Matthew Finnegan | Aug. 21, 2013
Private equity firm CVC takes controlling share in PayPal competitor for £511 million.

CVC Capital has targeted the growing market for online payments, buying a majority stake in digtial wallet provider Skrill for 600 million (£511m).

Skrill, a direct competitor of PayPal, provides digital wallet services to 35 million account holders in over 200 countries worldwide, with around 150,000 merchants using its payment gateway solution. Skrill also provides the payment platform for a number of major on-line gambling sites.

The UK firm, which previously traded as Moneybookers after launching in 2001, recorded revenues of over £200 million in 2012.

Following the acquisition, CVC, one of the world's largest private equity firms, now has a majority stake in the online payments company, taking over the controlling stake from Investcorp. Investcorp will retain a minority stake in the firm.

Peter Rutland, Senior Managing Director of CVC pledged to support the growth of Skrill in the market for online payments.

"Skrill is a high quality business that has demonstrated its ability to grow rapidly into a market leading provider of online payments serving the online gaming, gambling, digital media and e-commerce industries," Rutland said.

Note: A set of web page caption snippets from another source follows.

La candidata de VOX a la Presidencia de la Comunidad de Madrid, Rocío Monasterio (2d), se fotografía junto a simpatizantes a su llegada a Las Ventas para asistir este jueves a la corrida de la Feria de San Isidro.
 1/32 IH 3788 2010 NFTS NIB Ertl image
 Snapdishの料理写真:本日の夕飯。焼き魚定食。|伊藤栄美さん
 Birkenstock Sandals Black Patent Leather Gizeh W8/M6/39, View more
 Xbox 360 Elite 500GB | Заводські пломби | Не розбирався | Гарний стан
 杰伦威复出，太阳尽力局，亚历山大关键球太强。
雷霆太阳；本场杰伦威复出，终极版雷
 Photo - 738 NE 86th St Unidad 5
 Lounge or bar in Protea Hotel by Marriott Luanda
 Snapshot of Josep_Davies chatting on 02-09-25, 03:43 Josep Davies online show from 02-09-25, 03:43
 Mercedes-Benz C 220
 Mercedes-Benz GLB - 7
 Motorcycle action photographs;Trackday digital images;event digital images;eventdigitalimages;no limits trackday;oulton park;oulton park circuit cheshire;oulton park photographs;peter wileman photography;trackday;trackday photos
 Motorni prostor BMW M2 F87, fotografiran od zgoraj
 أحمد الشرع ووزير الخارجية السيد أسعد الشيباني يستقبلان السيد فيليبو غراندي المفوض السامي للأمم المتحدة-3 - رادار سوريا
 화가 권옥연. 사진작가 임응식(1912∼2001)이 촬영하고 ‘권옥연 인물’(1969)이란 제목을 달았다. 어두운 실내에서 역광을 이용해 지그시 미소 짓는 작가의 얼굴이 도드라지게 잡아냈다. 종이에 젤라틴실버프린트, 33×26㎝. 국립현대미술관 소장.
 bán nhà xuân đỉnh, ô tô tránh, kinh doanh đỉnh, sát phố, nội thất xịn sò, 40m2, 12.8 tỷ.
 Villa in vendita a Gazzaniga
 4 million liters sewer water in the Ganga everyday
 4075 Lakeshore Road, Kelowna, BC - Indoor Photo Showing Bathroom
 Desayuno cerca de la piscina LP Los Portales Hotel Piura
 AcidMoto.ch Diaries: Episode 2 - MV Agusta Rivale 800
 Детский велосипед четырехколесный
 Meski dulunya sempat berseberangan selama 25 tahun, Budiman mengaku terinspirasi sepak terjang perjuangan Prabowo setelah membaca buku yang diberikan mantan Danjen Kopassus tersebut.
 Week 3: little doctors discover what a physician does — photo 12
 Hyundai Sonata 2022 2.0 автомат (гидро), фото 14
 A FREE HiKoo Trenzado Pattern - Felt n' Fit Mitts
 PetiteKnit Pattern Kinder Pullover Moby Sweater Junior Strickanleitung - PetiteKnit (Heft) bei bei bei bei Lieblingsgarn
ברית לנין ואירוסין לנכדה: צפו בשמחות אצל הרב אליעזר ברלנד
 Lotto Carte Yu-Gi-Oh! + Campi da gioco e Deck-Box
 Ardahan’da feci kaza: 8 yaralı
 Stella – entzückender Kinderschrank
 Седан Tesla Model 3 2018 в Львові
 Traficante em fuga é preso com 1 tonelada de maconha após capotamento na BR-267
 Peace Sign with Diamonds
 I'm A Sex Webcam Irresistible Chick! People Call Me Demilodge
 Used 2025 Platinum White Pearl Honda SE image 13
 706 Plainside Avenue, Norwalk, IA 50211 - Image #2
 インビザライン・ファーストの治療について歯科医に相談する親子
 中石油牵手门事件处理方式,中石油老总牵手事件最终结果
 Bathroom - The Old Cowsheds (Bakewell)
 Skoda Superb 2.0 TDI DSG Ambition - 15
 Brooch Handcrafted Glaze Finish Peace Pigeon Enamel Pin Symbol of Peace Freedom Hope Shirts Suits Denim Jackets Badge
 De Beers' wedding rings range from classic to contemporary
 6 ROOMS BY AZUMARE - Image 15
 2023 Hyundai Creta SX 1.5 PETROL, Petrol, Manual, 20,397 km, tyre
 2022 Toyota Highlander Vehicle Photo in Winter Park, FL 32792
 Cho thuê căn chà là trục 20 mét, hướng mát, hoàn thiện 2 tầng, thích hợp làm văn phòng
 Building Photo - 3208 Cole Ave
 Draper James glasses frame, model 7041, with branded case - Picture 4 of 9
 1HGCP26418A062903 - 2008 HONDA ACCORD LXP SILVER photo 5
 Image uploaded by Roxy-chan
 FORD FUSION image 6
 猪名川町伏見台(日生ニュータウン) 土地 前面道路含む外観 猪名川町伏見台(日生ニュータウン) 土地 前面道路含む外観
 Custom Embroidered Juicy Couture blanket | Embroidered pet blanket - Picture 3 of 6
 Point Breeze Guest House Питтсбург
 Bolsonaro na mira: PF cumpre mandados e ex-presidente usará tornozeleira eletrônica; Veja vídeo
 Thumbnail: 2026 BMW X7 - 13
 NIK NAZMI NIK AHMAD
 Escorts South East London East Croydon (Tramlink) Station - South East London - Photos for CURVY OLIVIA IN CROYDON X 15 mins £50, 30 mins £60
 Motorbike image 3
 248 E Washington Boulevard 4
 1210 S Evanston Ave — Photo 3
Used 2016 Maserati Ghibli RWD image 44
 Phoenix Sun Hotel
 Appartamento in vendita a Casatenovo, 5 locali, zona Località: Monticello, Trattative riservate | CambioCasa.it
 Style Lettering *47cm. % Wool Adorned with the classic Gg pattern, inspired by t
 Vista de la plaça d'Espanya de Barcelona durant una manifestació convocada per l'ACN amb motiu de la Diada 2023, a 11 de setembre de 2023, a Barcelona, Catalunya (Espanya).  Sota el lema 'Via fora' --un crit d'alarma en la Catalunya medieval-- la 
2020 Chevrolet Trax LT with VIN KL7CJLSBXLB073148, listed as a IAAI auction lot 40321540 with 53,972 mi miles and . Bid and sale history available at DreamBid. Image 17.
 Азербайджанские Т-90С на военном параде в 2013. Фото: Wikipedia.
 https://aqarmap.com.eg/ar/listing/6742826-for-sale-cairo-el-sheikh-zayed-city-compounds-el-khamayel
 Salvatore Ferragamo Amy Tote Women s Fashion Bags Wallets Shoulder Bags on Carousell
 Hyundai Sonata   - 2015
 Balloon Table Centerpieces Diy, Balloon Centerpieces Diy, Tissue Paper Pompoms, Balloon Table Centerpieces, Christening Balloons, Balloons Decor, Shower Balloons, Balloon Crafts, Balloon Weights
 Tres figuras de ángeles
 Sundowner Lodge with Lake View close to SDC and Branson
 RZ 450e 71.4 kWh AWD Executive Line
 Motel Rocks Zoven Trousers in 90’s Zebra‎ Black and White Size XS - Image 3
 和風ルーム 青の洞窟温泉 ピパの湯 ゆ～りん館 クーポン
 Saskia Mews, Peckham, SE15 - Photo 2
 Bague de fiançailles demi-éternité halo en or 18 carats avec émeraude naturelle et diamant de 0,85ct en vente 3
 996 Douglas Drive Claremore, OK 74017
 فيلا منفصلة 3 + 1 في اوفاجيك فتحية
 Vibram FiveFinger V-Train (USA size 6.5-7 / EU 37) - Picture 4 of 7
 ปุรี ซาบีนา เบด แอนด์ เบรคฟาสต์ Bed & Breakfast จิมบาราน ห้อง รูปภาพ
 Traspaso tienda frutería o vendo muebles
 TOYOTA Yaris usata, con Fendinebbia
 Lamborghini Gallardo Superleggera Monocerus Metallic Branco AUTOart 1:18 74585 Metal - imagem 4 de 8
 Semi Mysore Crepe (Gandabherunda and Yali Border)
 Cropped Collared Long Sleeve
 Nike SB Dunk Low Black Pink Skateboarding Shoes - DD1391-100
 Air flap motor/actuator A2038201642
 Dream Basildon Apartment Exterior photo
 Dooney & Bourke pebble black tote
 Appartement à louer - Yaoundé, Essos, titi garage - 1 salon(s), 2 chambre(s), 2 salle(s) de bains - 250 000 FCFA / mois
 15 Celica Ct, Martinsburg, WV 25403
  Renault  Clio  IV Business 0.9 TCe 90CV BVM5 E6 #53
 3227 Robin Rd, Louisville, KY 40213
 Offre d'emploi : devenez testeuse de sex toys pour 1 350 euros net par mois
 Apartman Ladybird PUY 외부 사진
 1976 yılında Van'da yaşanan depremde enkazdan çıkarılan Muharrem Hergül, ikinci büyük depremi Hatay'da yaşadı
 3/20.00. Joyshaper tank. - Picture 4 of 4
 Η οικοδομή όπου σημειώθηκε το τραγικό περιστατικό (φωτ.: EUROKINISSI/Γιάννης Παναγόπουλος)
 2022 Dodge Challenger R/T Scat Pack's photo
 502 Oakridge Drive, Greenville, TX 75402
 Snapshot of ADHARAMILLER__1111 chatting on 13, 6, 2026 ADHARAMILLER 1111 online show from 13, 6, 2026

"We are pleased to have the opportunity to invest in Skrill and support its management team as they continue to grow their range of online payment options across the globe."

TechMarketView research director Peter Roe commented that the deal would benefit all parties, with Skrill receiving a boost to its growing payments business.

"This deal appears good news all round. Investcorp receives an 8-fold return on the initial investment and retains a minority stake. CVC now have an investment with a strong position in the rapidly-evolving payments industry and Skrill will have access to more expertise and capital as it develops the business."

Roe added that the deal highlights the boom in alternative payment methods, supported by the proliferation of mobile devices. This wave of change is likely to have repercussions for the big UK banks, he said, which will have to adapt to changes in the payments market.

"The Payments world is set for a period of significant change. The catalysts for this change are the rapid rise in smartphone penetration and online transactions and the ready acceptance of mobile apps and digital wallets," Roe commented.

"The forces unleashed by the evolution of payments and the rise of mobile will also have significant implications for the larger banks. As new competitors emerge, they will now have to update their systems and customer interface more rapidly and more comprehensively than would have otherwise been the case."